Os atuadores elétricos, por outro lado, podem ser utilizados com graxa para temperaturas extremas, o que permite partidas rápidas e eficazes em baixas temperaturas. Geralmente, há uma pequena diferença de desempenho na repetibilidade da força entre temperaturas frias e quentes. Essa diferença é aceitável na maioria das aplicações, tornando, muitas vezes, preferível a escolha de atuadores elétricos em vez de hidráulicos.
Vida útil e manutenção
Os sistemas hidráulicos são dispositivos robustos e amplamente utilizados, que podem ter uma longa vida útil.

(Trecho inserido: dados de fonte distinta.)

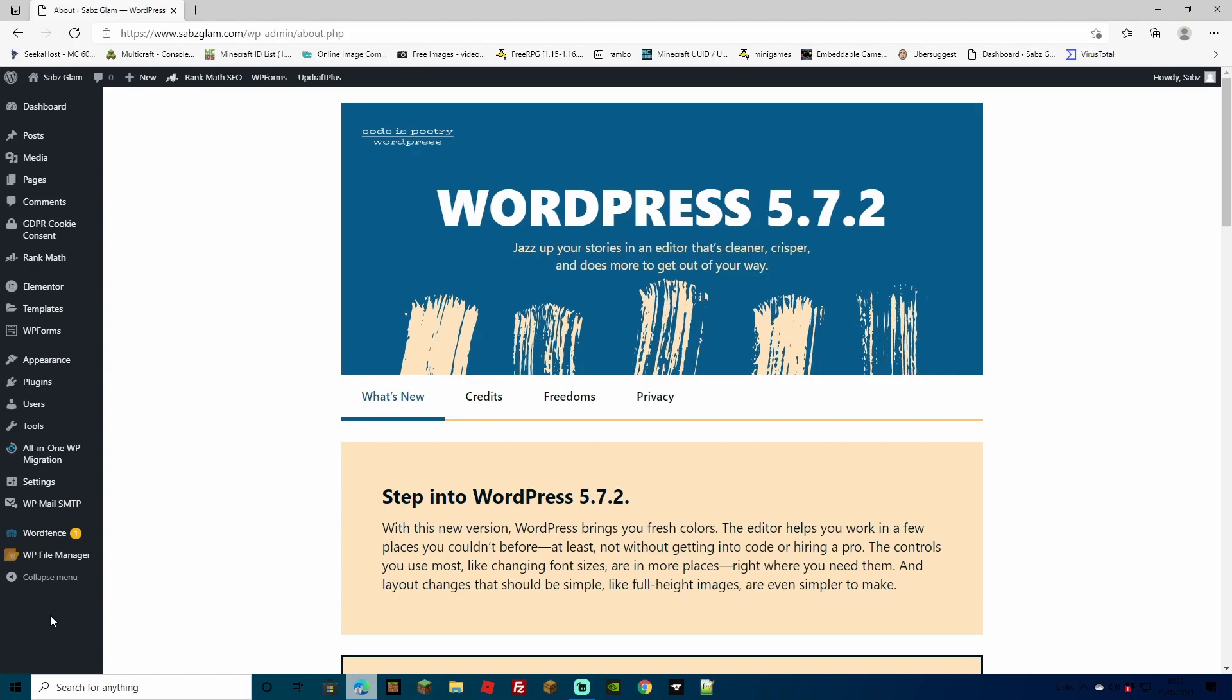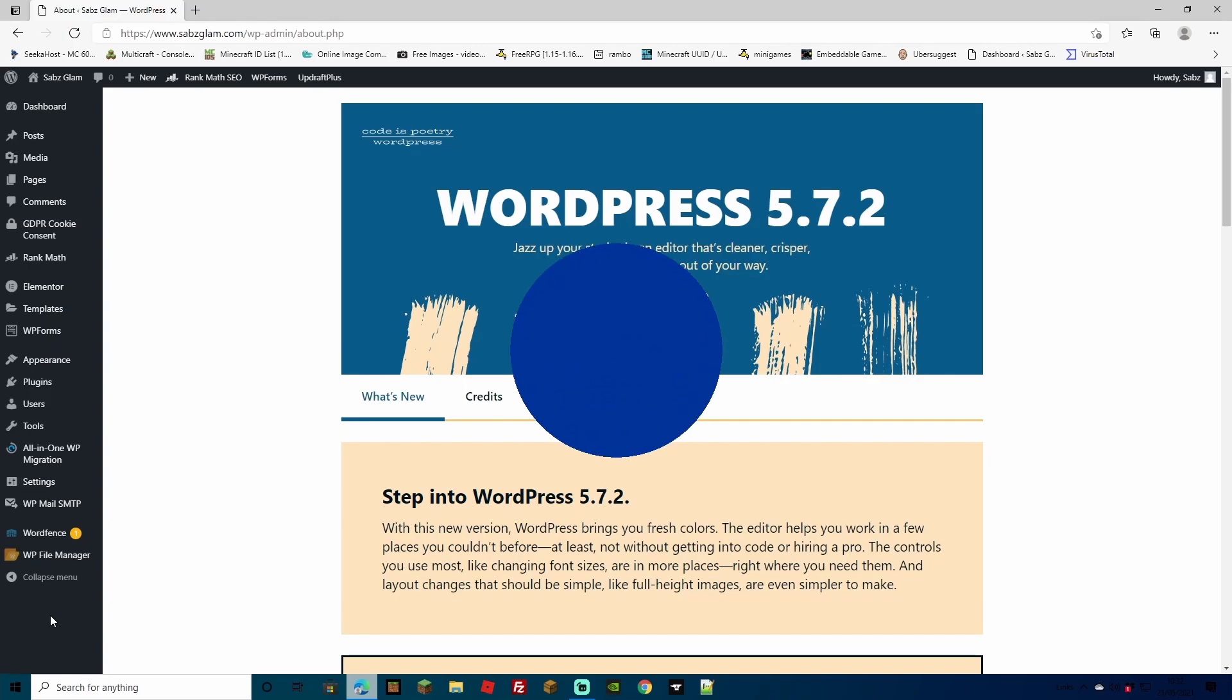Welcome back guys. We're back with another WordPress tutorial. This time we're going to be going over how you can make your blog a private blog.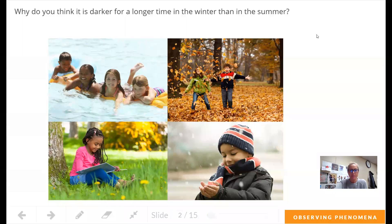Okay, this is lesson three. Remember, we're working on the unit Earth's place in the universe. So for lesson three, let's think about this question.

A contrapartida é que exigem manutenção frequente e atenção para atingir o desempenho desejado ao longo da vida útil do sistema. Manter a integridade das vedações da haste e do pistão é fundamental para a repetibilidade, pois esses são os principais elementos que contêm a pressão necessária para o movimento e a força. Se esses componentes se desgastarem ou forem danificados, devem ser substituídos. Caso contrário, a força será reduzida na pressão inicial ou haverá vazamento de óleo, afetando a velocidade. A troca periódica dos filtros e do óleo também são tarefas de manutenção adicionais. Óleo contaminado ou degradado também pode afetar gravemente a operação do sistema. Negligenciar os itens de manutenção levará a vazamentos ou contaminação e à falha prematura dos componentes.
Por outro lado, atuadores elétricos dimensionados para a vida útil de uma aplicação não requerem manutenção. Os principais elementos de potência de um atuador elétrico são o fuso de esferas e outros elementos de rolamento axial. Esses elementos possuem uma especificação de Capacidade de Carga Dinâmica (DLR) que pode ser utilizada para estimar a quantidade de trabalho (força ao longo da distância) que um atuador elétrico pode realizar. Utilizando uma estimativa de vida útil L10 padrão da indústria, pode-se estimar que os atuadores elétricos terão uma confiabilidade de 90% em uma aplicação.
Esses elementos de potência geralmente são lubrificados permanentemente, mas métodos de lubrificação simples, que podem ser aplicados em campo, são necessários. O outro elemento de desgaste em um atuador elétrico de haste é a vedação da haste, projetada para impedir a entrada de água, poeira e outras contaminações ambientais nos componentes internos do atuador. Ao contrário das vedações de cilindros hidráulicos, não há pressão para manter o atuador no lugar durante o funcionamento adequado. Mesmo que a vedação falhe, o atuador continuará operando. As vedações de haste na maioria dos atuadores elétricos são facilmente e economicamente substituíveis em caso de danos. O uso indevido é a principal causa de falhas em atuadores elétricos. Exceder as especificações de desempenho do atuador por períodos prolongados ou negligência grave são os fatores de uso indevido mais comuns.